Rapid Rail was rapped by the Home Minister for its (now reversed) announcement of physical distancing relaxation on its trains, with the minister quoted saying “we understand their concerns” that “less passenger capacity” due to the measure translates to less revenue for every cost unit incurred.
The real irony behind this is his use of the pronoun “we” and “their” as if the money-losing state-owned Prasarana (parent of Rapid Bus and Rapid Rail) have always acted as a for-profit entity (duh!).
Another twist is how MoT’s own SOP is inconsistent with the Home Ministry’s ‘guideline’. What kind of research that has been done to support such divergent recommendations? Any empirical evidence on what level of transit service would likely be needed to fulfill the less-than-desired passenger load (in our case, 34% as quoted)? At what per cent of regular pre-MCO capacity would our government-funded operators need to prepare during RMCO to achieve what per cent of pre-MCO ridership (which depends on what per cent of pre-MCO commuters that can make do with telecommute)? What is the plan to provide even more frequent bus and train services when passengers are likely to be barred from entering vehicles that surpass one-third capacity threshold?
Consider the below photo-op on peeling of physical distancing sticker in Singapore, which has recently ended its circuit breaker move.
By failing to plan, the government is planning to fail, and this is clearly shown by this truly utter lack of coordination, as there is no excuse for transit users to end up absorbing that slack in shoddy RMCO preparation.
And on a more important note, when it comes to public transport, our publicly-subsidised RapidKL is the face of our government. It is easier for our political bureaucrats to relegate the blame of inconsistent policy directives to working technocrats than to take the blame of the lack of political will to fix the urban public transport operational spending and capital funding, which has never been sustainable even pre-MCO.
Enough sweeping the problem under the carpet. RapidKL is not owned by some local towkey or overseas investors, it is owned by all of us. Its accumulating financial deficits from years of care-free spending will eat up into long-term, inter-generational resources that would better be channeled towards other meaningful things like healthcare, education and social welfare. Worse, its ability to catch up on revenues are stunted by other government agencies’ business-as-usual care-free approvals for relentless transit-hostile real estate and free flow road/highway expansions.
We should have a say on how RapidKL is being run, how they should be accountable in securing riders’ loyalty, and how other agencies (complacent, single occupancy vehicle and free flow traffic-promoting agencies particularly Kementerian Kerja Raya and PBTs, we are looking at you) should be accountable in making people overly dependent on their cars and mopeds.

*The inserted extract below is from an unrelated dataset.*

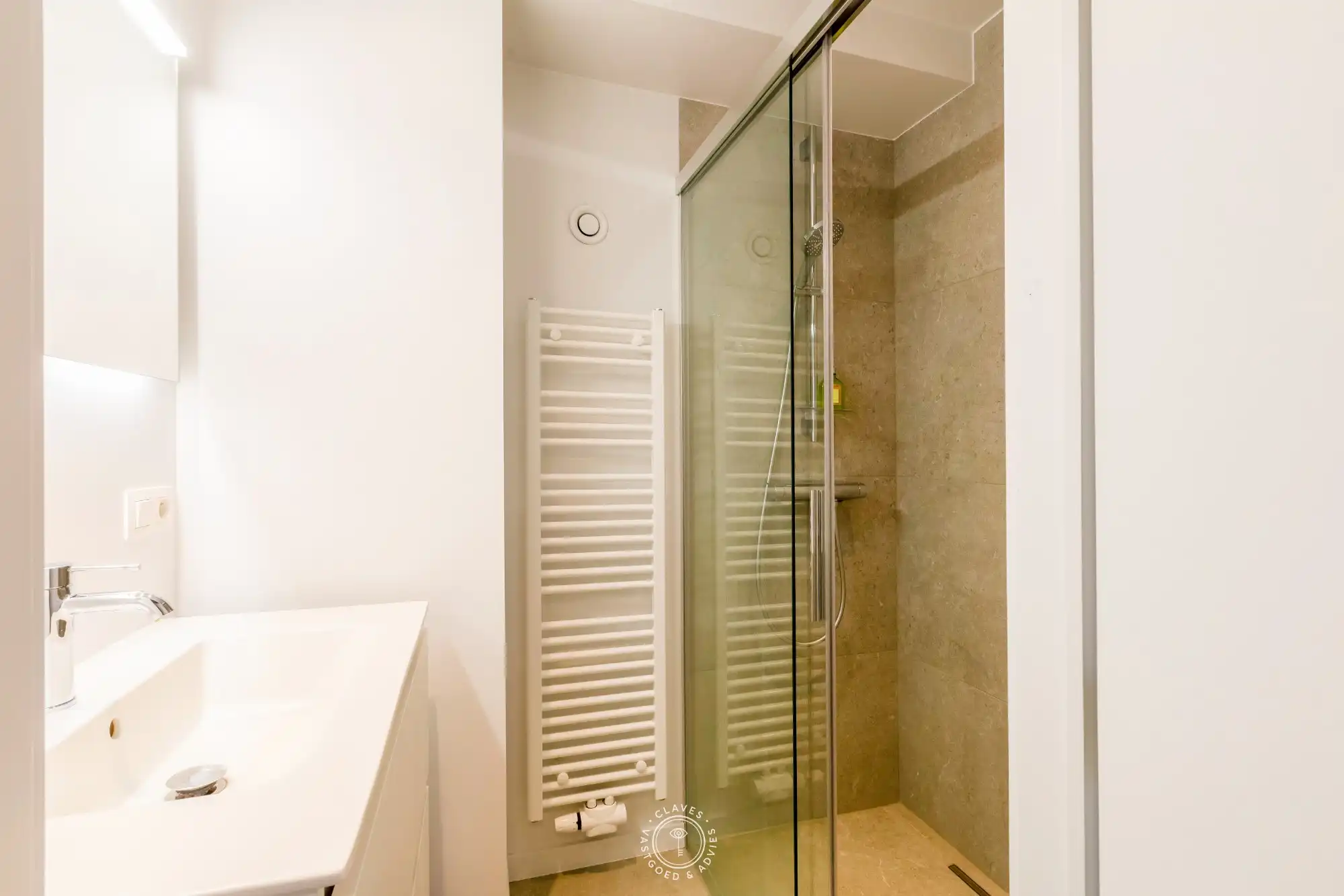 High-end  afgewerkt appartement met twee slaapkamers - en de optie om een ondergrondse staanplaats mee aan te kopen foto 9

There is a dire need for complete overhaul of our messy institutional patchworks of urban transportation planning, which artificially forms a nice carpet-looking facade that really does nothing but a convenient political upholstery used to obscure all the dusty quick fixes that have never stood the test of time. The government has been offloading transit planning responsibilities to diffused set of parties who are all working in silos, to the extent that we ought to think that fairness is a zero-sum game. Maintaining transit’s physical distancing rule is fair, but so is coming up with sustainable transit funding framework.
There are no ceilings of monthly pass fares that can work to catch up with post-MCO slack in ridership uptake (what more on catching up to be on par with other livable cities), and no lengths of CEO and Chairman candidates that can stop Prasarana’s never-ending financial bleed, unless we start to treat urban public transport as a public good that we have been taken for granted all these while before social nearness suddenly becomes a distant memory.